True explosions of human spirit can never been of local importance. In one way or another, they are recorded for the world and for the eternity, they allow us to seek resonance, response and agreement in the souls of other people, far beyond any boundaries of time and space.

Latvian music, too, has encountered this gathering of the noblest spirits of humankind, with its universal values and eternal importance. In this particular case, Hildegard von Bingen allows us to find faith, joy, inspiration and strength in the immortality of her spirit. She was one of the most passionate and unusual bearers of light in the Christianity of the Middle Ages. After learning about these songs, I found myself deeply surprised and enthusiastic by the liricism of Hildegard's soul, her poeticism, gentleness, intimacy and femininity. It was very easy to attach my own musical viewpoint to this world. I did not leave the intonations completely unchanged, I felt free to arrange them. This collaboration between the 12th and the 21th century led to the emergence of a 12 part composition, in which the songs of St. Hildegard interweave with instrumental fragments – a prelude, five interludes and a postlude.

Anda Eglīte and kokle

Kokle is a Latvian plucked string instrument (chordophone) belonging to the Baltic box zither family. The first possible kokles related archaeological findings in the territory of modern Latvia are from the 13th century, while the first reliable written information about kokles playing comes from the beginning of the 17th century. The first known kokles tune was notated in 1891, but the first kokles recordings into gramophone records and movies were made in the 1930s. Both kokles and kokles playing are included in the Latvian Culture Canon.
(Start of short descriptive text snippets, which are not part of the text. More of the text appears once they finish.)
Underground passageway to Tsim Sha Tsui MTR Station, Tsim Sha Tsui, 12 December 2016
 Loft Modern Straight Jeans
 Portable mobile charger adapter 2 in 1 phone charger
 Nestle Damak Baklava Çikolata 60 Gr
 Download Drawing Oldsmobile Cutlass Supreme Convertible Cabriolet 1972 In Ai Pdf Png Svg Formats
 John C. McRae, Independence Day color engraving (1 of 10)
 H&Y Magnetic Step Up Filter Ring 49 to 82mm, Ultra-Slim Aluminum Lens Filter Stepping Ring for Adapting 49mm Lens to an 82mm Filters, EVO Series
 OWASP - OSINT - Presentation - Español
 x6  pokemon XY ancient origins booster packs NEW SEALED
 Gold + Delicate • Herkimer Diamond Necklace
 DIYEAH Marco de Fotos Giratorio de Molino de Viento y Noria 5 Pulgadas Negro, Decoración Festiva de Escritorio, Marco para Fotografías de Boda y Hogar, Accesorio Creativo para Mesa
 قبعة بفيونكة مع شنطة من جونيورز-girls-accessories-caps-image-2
To play academic music works, kokle players use larger instruments specially built for professionals. The leading kokle player, the initiator of different kokle activities and festivals and kokle teacher ir Latvian Music Academy is ANDA EGLĪTE. She performs with various chamber ensembles, is a winner of several competitions and awards, often collaborates with many well-known Latvian and foreign performers, symphony orchestras and choirs.


The vocal group PUTNI (BIRDS) was established in 1993 in Riga by eight singers from the leading professional choirs in Latvia. The women's vocal ensemble is revered for their beautiful tone and adventurous programming and has received wide acclaim for their concerts in Latvia, Europe, Australia, Japan and the United States.

The group has won numerous prizes including the Grand Prix in five international competitions. Their programming weaves together traditional Latvian music, new compositions by Latvian and foreign composers, music of classical and early music composers, and elements of jazz and rock music. Since its founding, group have premiered over 100 new pieces by Latvian and foreign composers and recorded seven CDs.